§ STORED DATA:
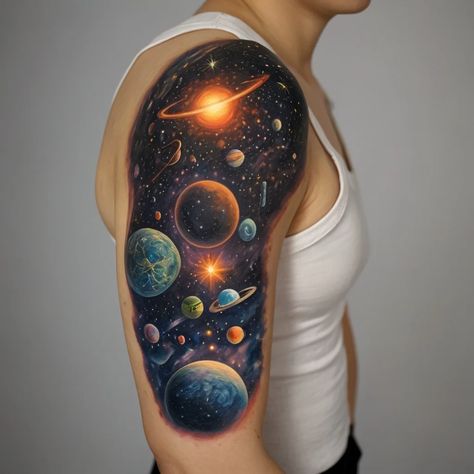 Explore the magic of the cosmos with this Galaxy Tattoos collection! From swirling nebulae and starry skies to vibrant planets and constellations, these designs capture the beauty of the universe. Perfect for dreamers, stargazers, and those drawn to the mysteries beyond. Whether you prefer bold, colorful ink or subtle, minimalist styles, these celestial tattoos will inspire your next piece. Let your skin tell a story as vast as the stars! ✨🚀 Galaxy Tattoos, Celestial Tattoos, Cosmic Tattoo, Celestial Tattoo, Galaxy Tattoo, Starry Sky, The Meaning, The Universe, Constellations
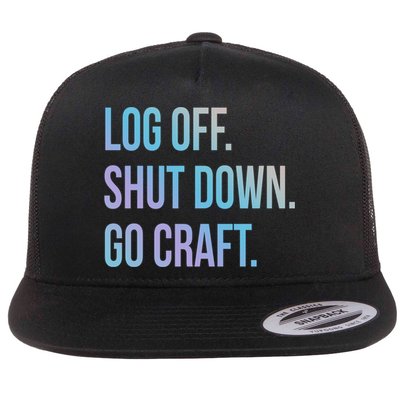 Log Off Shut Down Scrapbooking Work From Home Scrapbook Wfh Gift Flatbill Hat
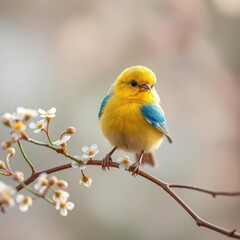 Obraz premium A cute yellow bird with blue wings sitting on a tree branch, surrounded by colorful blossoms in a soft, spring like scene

§ ACTIVITY: In transcribing the material above, reproduce each line exactly and include none of the pictures.

§ RESULT:
 Explore the magic of the cosmos with this Galaxy Tattoos collection! From swirling nebulae and starry skies to vibrant planets and constellations, these designs capture the beauty of the universe. Perfect for dreamers, stargazers, and those drawn to the mysteries beyond. Whether you prefer bold, colorful ink or subtle, minimalist styles, these celestial tattoos will inspire your next piece. Let your skin tell a story as vast as the stars! ✨🚀 Galaxy Tattoos, Celestial Tattoos, Cosmic Tattoo, Celestial Tattoo, Galaxy Tattoo, Starry Sky, The Meaning, The Universe, Constellations
 Log Off Shut Down Scrapbooking Work From Home Scrapbook Wfh Gift Flatbill Hat
 Obraz premium A cute yellow bird with blue wings sitting on a tree branch, surrounded by colorful blossoms in a soft, spring like scene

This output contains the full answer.